** Input for this task follows **
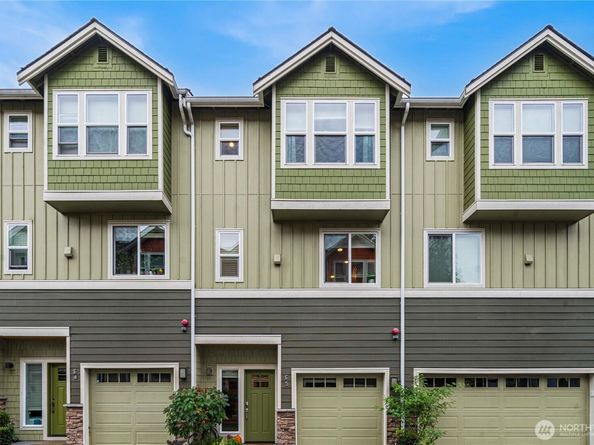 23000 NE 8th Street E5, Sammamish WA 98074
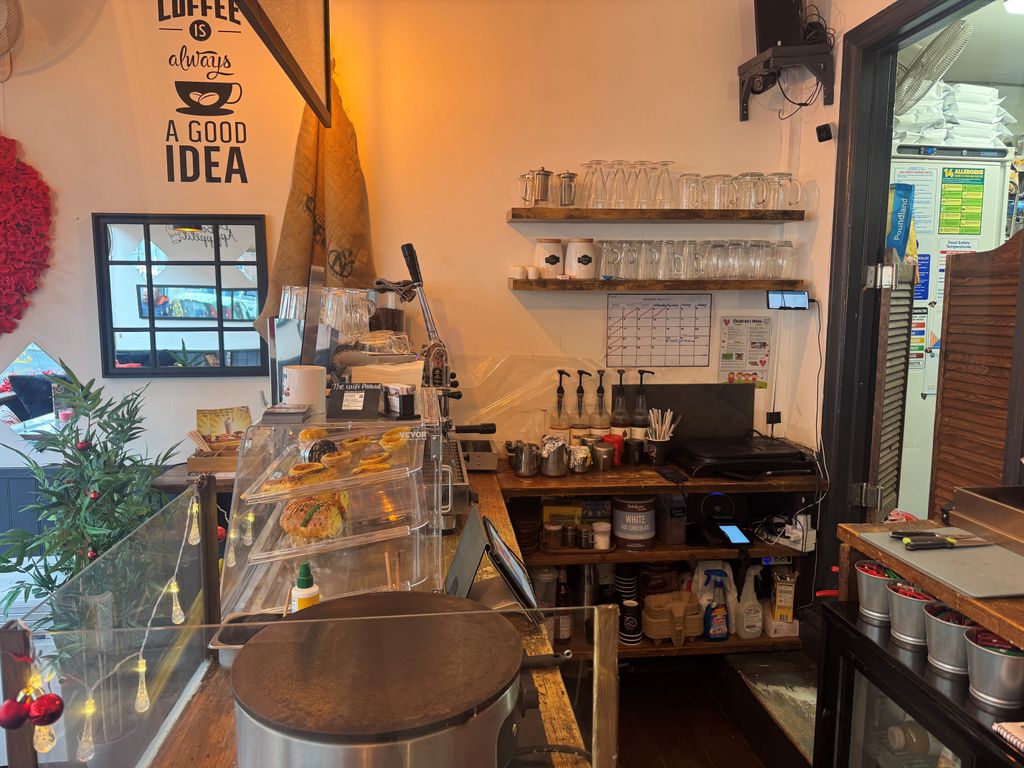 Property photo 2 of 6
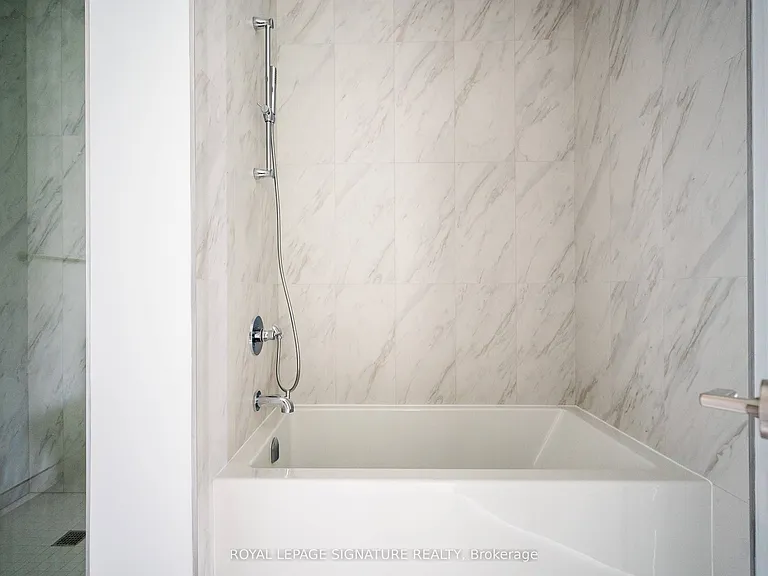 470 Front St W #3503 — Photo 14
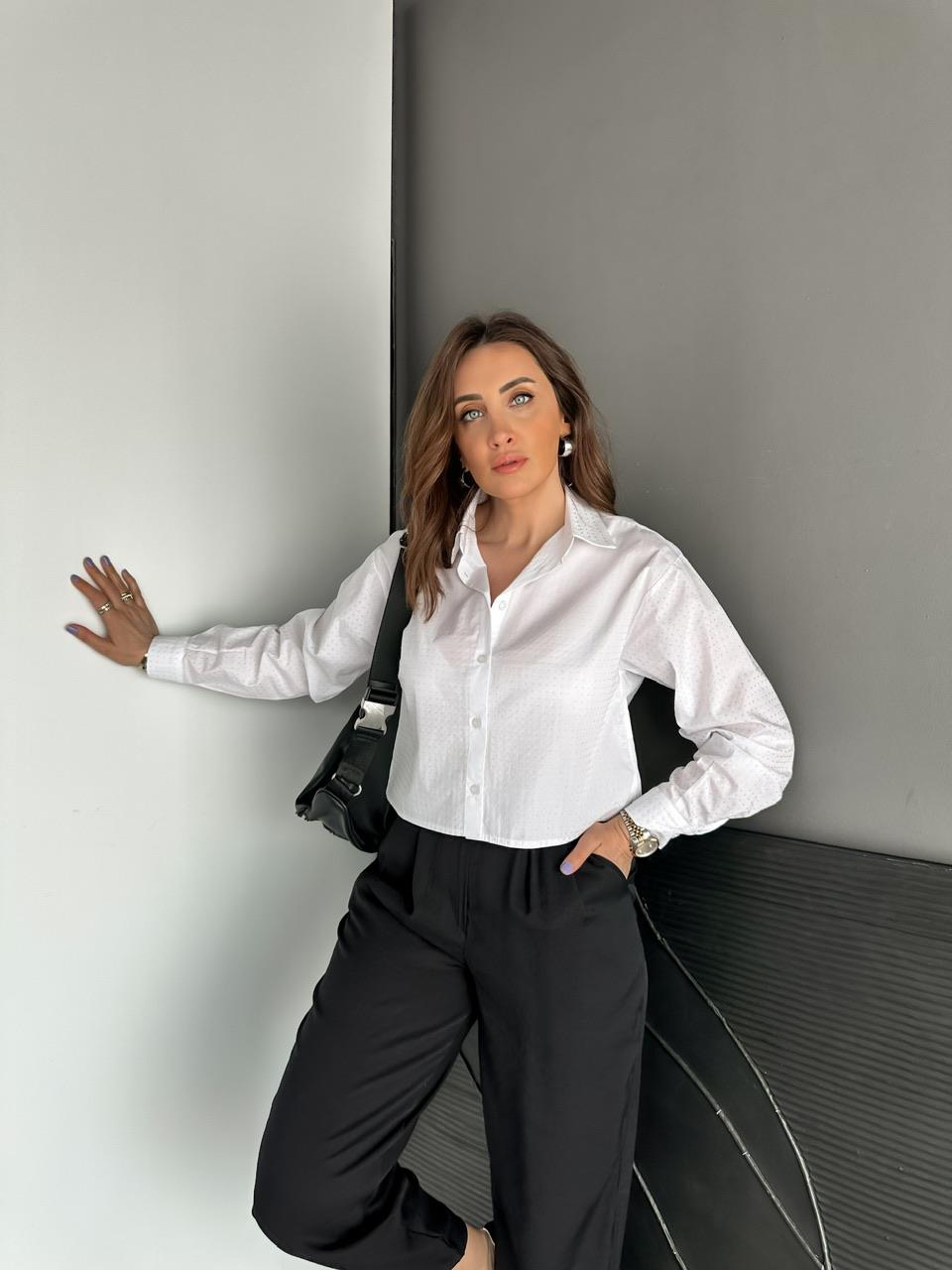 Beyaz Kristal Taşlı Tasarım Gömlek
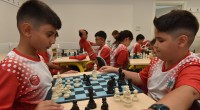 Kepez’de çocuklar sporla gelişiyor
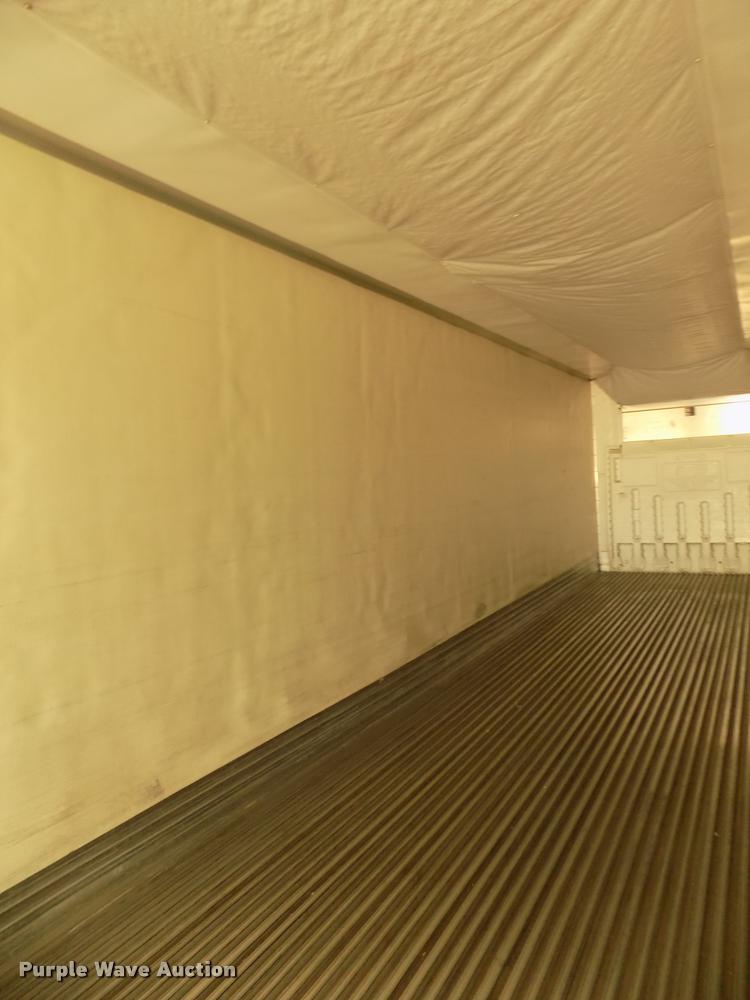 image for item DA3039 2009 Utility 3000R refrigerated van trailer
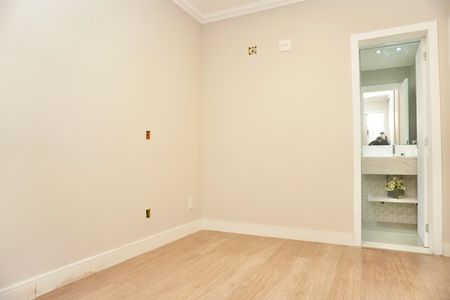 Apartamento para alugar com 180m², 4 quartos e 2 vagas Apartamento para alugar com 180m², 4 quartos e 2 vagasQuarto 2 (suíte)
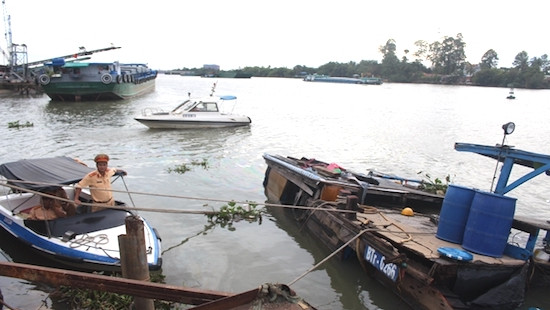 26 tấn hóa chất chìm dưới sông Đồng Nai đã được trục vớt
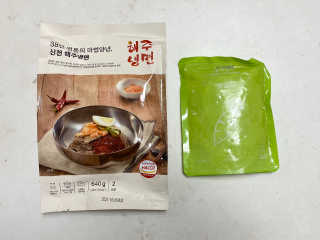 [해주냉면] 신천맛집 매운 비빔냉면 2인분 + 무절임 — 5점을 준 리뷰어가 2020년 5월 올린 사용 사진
** End of Input for this task **
** Input for this task follows **
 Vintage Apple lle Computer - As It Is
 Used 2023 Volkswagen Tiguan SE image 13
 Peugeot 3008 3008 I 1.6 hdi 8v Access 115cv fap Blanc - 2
** End of Input for this task **
** Input for this task follows **
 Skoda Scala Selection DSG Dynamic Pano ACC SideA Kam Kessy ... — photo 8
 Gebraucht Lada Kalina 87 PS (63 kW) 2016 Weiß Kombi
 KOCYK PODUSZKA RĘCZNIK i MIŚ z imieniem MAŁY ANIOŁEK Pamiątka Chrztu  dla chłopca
** End of Input for this task **
Aim of the exercise —
Beginning with the line holding "23000 NE 8th Street E5, Sammamish WA 98074" in the material above, restate word for word each line through the line holding "[해주냉면] 신천맛집 매운", and exclude pictures.

Written solution —
 23000 NE 8th Street E5, Sammamish WA 98074
 Property photo 2 of 6
 470 Front St W #3503 — Photo 14
 Beyaz Kristal Taşlı Tasarım Gömlek
 Kepez’de çocuklar sporla gelişiyor
 image for item DA3039 2009 Utility 3000R refrigerated van trailer
 Apartamento para alugar com 180m², 4 quartos e 2 vagas Apartamento para alugar com 180m², 4 quartos e 2 vagasQuarto 2 (suíte)
 26 tấn hóa chất chìm dưới sông Đồng Nai đã được trục vớt
 [해주냉면] 신천맛집 매운 비빔냉면 2인분 + 무절임 — 5점을 준 리뷰어가 2020년 5월 올린 사용 사진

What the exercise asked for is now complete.